WHAT IS NEEDED ▸ Each line from the one containing "12Hole C Alto" to the end of the data must be copied exactly, the first and last included; no other lines and no pictures belong in the copy.

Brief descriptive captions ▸
────────────────────

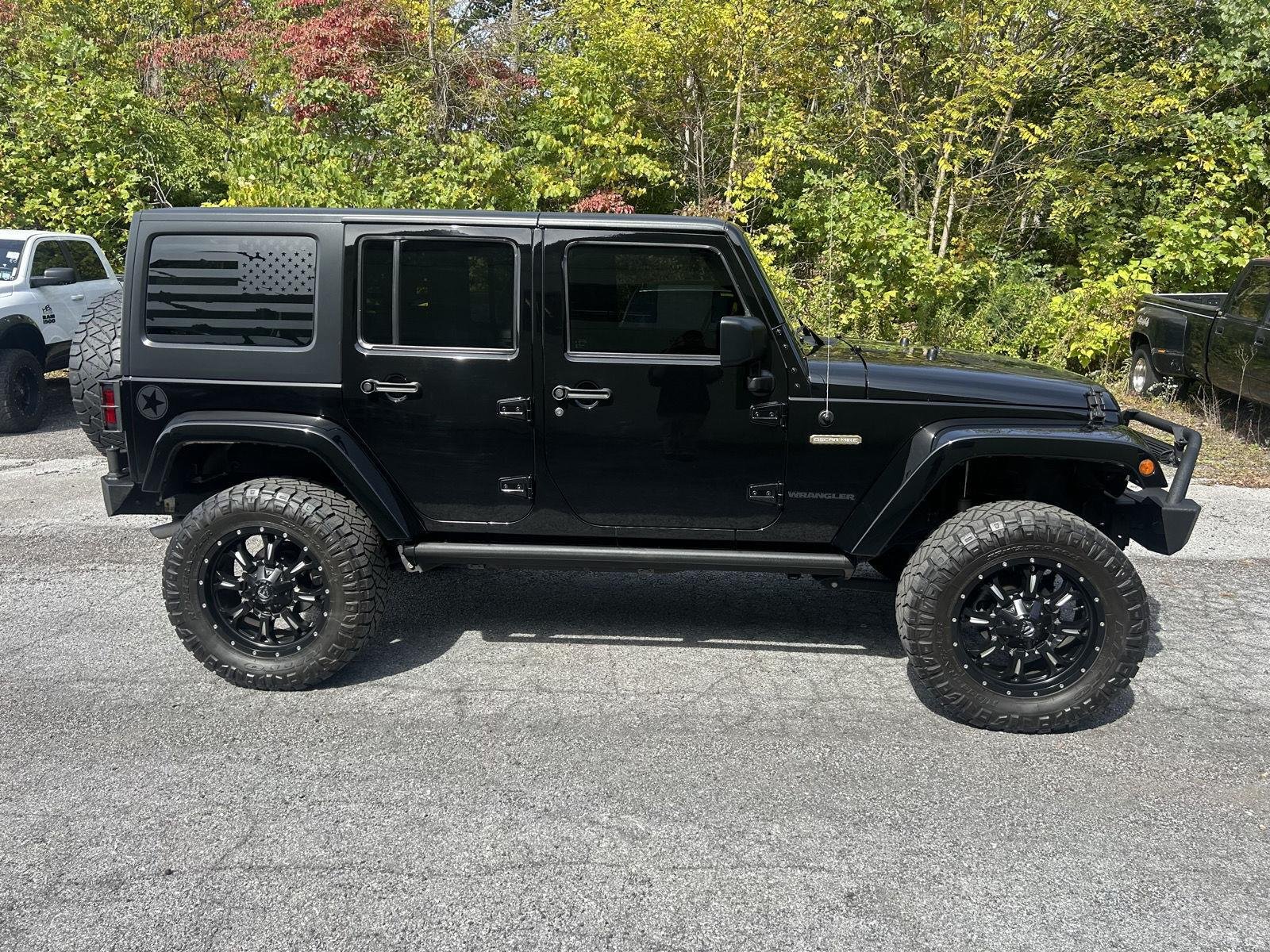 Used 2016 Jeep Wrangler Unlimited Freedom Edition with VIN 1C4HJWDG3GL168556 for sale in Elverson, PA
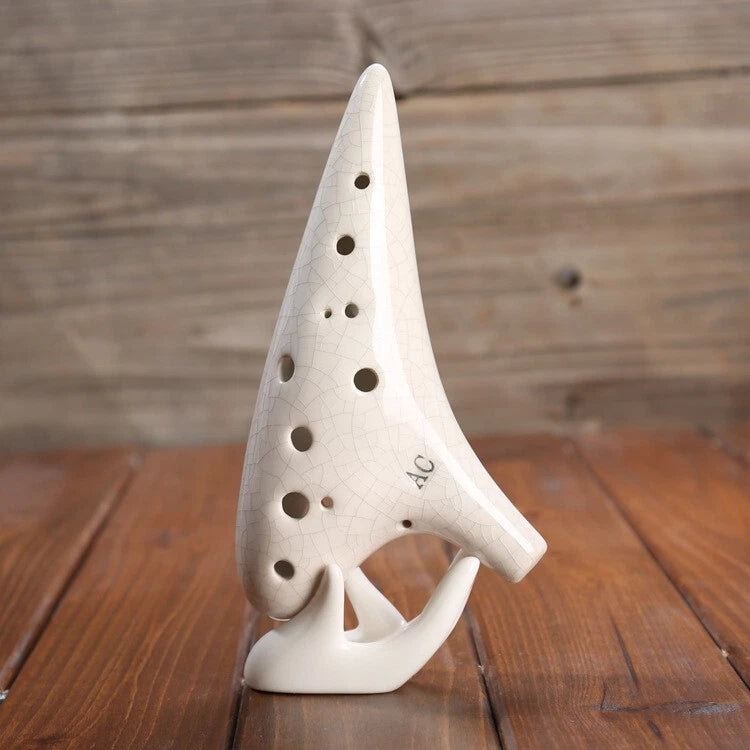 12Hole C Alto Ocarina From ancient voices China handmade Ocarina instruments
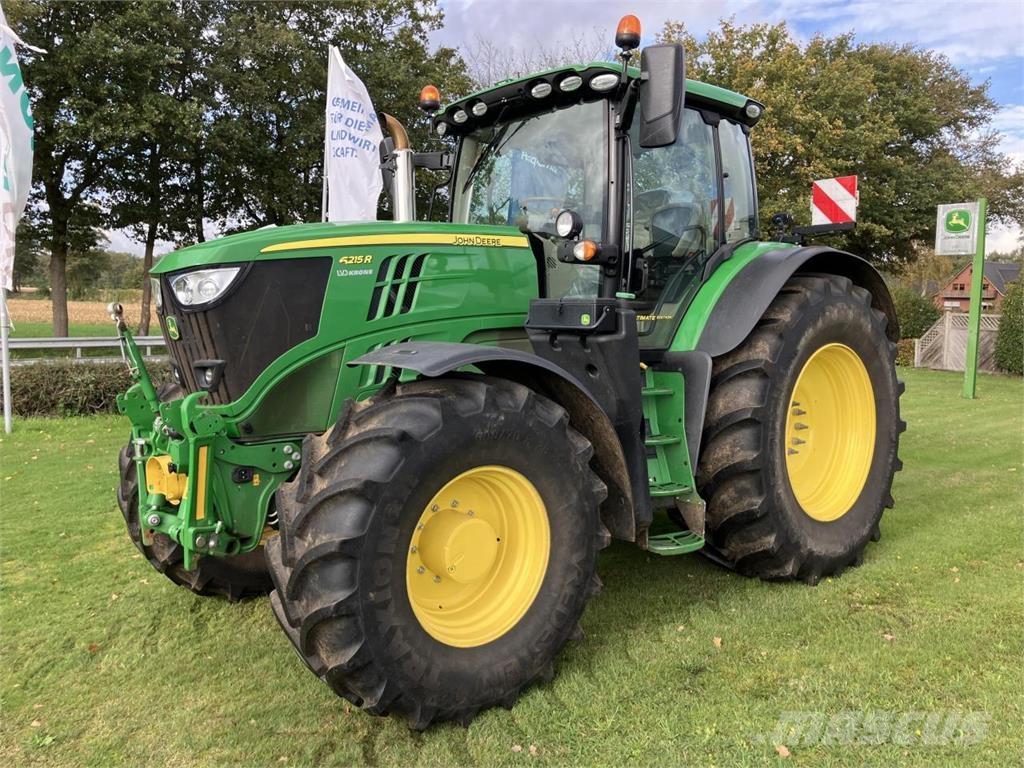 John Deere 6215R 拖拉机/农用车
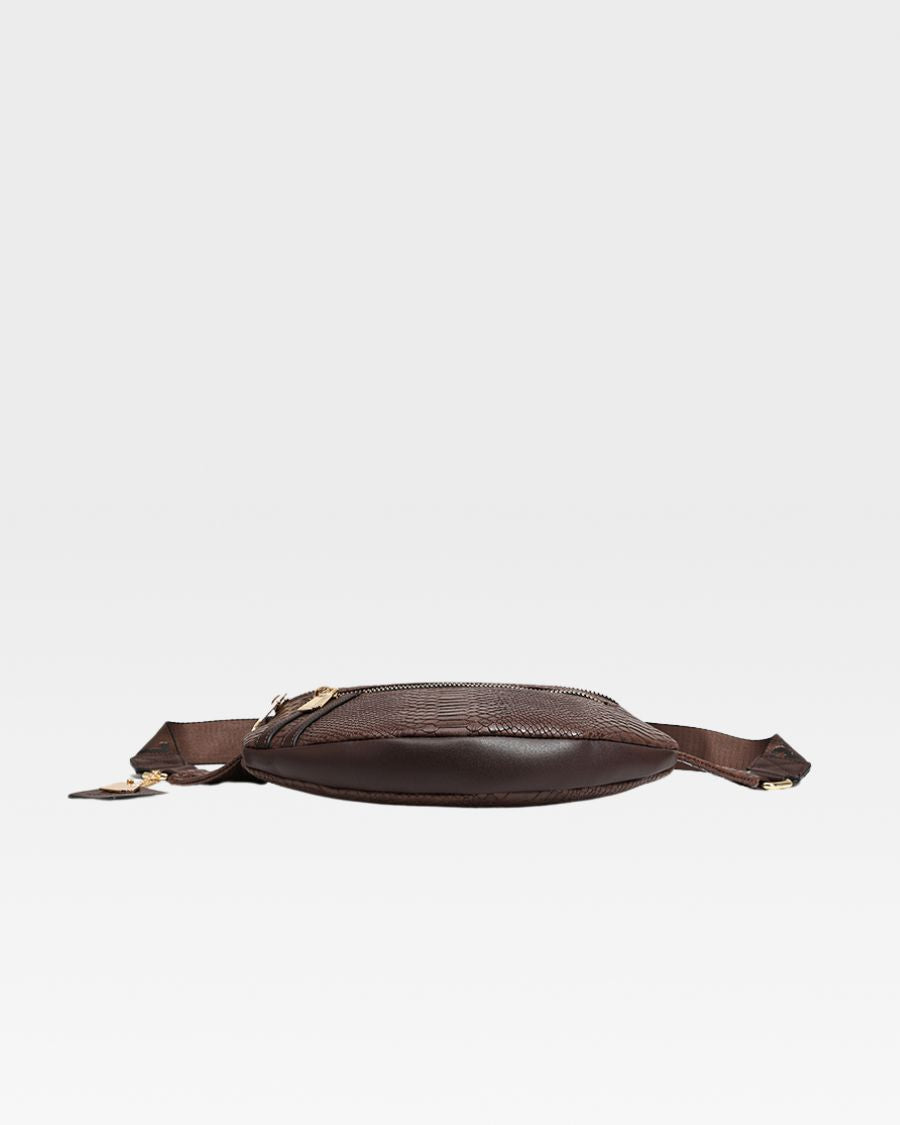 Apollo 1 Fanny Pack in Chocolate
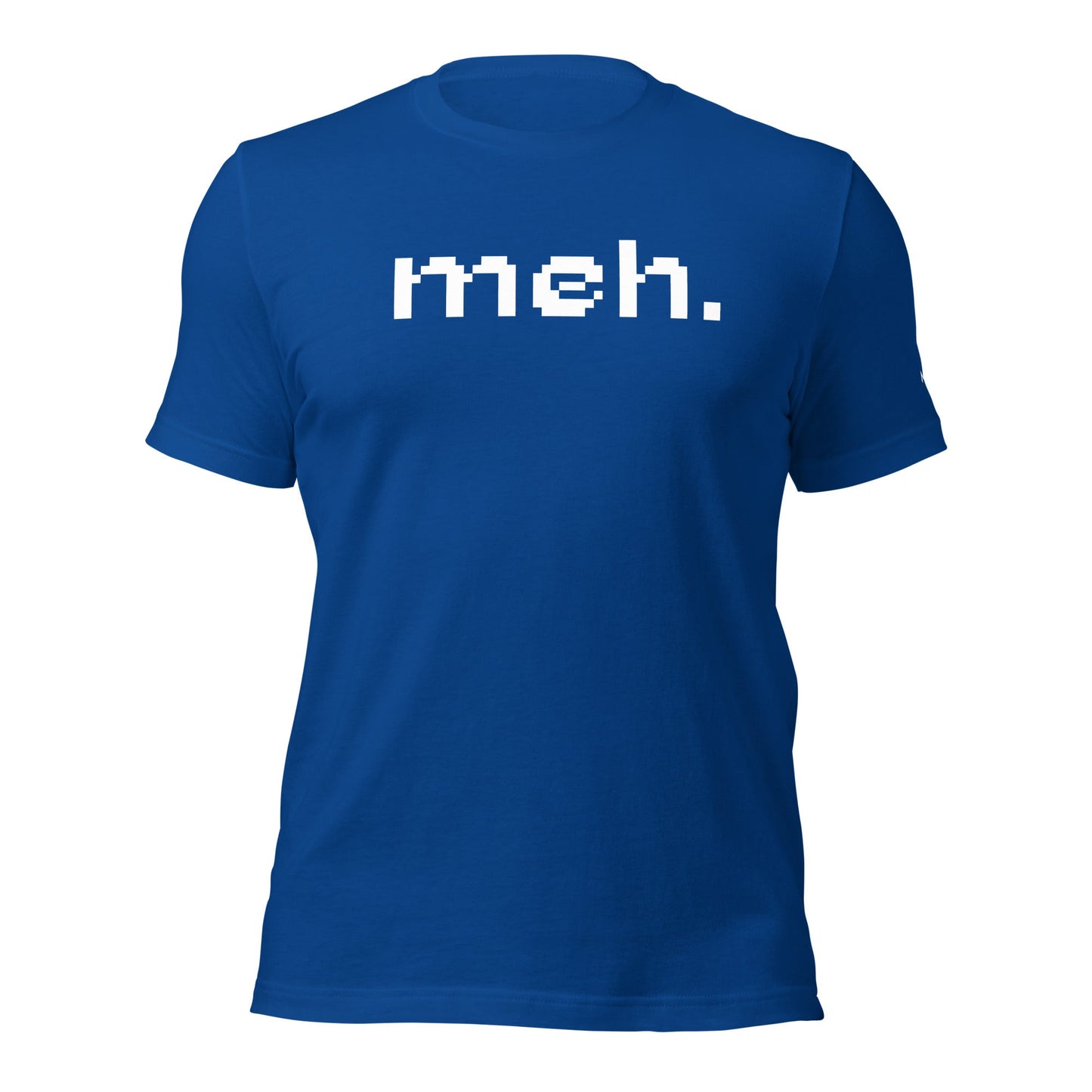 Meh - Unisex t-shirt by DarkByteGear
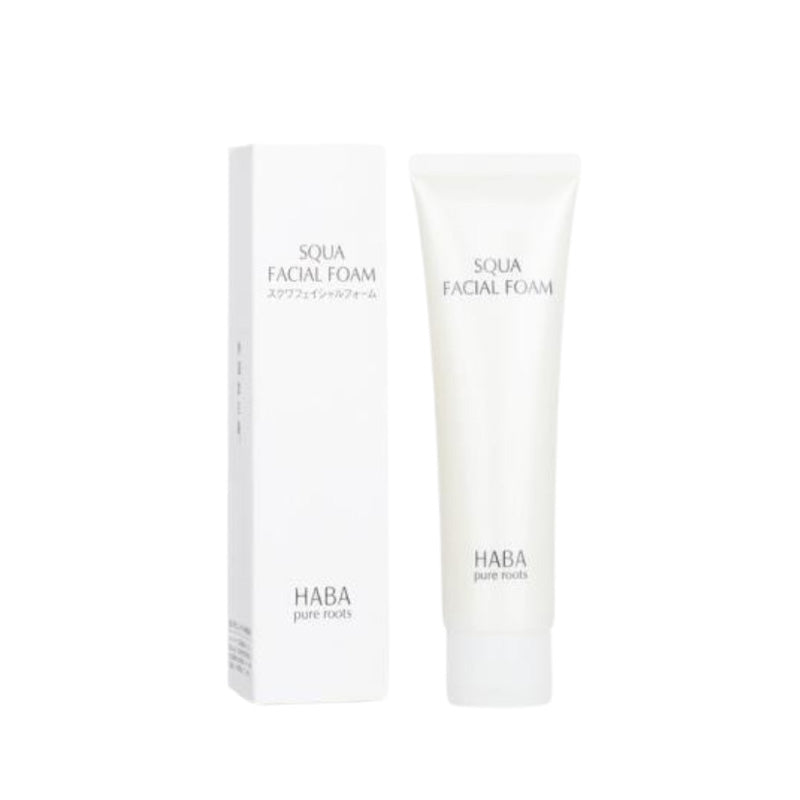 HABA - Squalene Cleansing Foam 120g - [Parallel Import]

────────────────────

RESULT ▸
 12Hole C Alto Ocarina From ancient voices China handmade Ocarina instruments
 John Deere 6215R 拖拉机/农用车
 Apollo 1 Fanny Pack in Chocolate
 Meh - Unisex t-shirt by DarkByteGear
 HABA - Squalene Cleansing Foam 120g - [Parallel Import]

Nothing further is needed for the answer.